Гриня Пухов уезжал из Москвы грустный:

– Нас не надо пужаться. Мы слышали ваш доподлинный разговор с товарищем И. В. Сталиным, понимаем, что вам не ровня, тягаться нам не по силам. Простите, что немного побеспокоили. Больше докучать не станем. Ежели захотите молочка парного откушать, свеженькой рыбки поесть, приезжайте тогда к нам на Оку, всегда желанной гостьей будете. А если что, то и хозяюшкой. Мы, Вероника, от своих слов никогда не отступимся…

Кунцевская дача. Десятки автомобилей. Кругом все оцеплено. Пешая и конная милиция. Гостей видимо-невидимо. Кроме вождей, писатели, ученые, артисты, художники, композиторы, кинематографисты, колхозники, спортсмены, рабочие. За приглашенными неумело ухаживают Полина Молотова, Дора Андреева, Мария Каганович, Екатерина Ворошилова, Ашхен Микоян, Елена Стасова. Когда под руки ввели в зал физиолога Ивана Павлова, селекционера Ивана Мичурина, химика Николая Зелинского, все встали и начали аплодировать. Сталин предложил тост за процветание советской науки. Перекрестившись, Иван Петрович Павлов выпил рюмку водки. Сидевший рядом с ним президент российского государства Калилин попросил ученого сказать несколько слов.

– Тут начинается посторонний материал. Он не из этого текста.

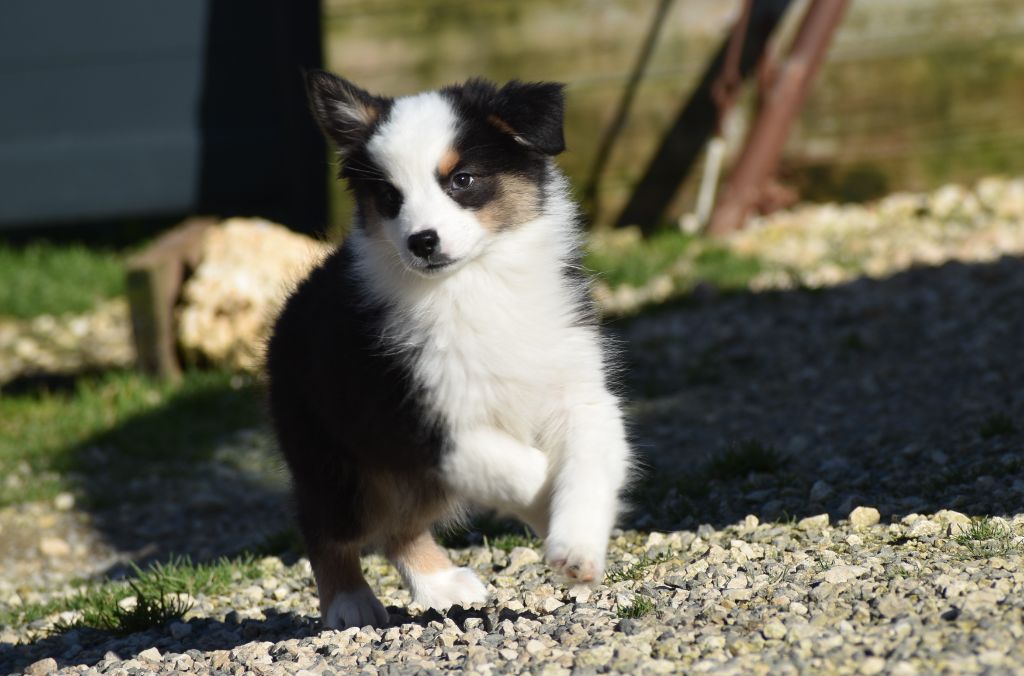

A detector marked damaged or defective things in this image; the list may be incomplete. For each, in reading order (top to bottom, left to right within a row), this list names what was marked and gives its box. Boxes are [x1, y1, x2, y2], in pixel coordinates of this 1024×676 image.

rusty metal post [708, 0, 851, 234]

– Господа, простите, оговорился, товарищи, – проговорил надтреснутым голосом Павлов, – недавно мне пошел 80-й год. – Снова все встали, и опять аплодисменты. – Тост за науку хороший и важный. Мне сказали, что за нашим праздничным столом важно восседает начальник ГПУ Генрих Ягода. Мне хочется взглянуть на это чудовище, душителя отечественной науки, изверга рода человеческого.

Никто не ожидал такого смелого выступления. Поднялся невообразимый шум. Все повернулись к Ягоде. Сталин подошел к Павлову:

– Продолжайте, Иван Петрович, мы вас слушаем, – сказал он спокойно.

– Три дня тому назад к нам в институт приехали незваные работники ГПУ, я был занят в лаборатории. Со мной работал американский ученый, биолог Стенли Гурри. Все наши кабинеты были перевернуты вверх дном. Мои помощники Ковалевский, Бардина, Фиртич, Липптейн, Ковалюк увезены в закрытых автомобилях. Мы стали наводить справки, но пока все безрезультатно. Товарищи, побойтесь Бога! Он все видит и не прощает подлости!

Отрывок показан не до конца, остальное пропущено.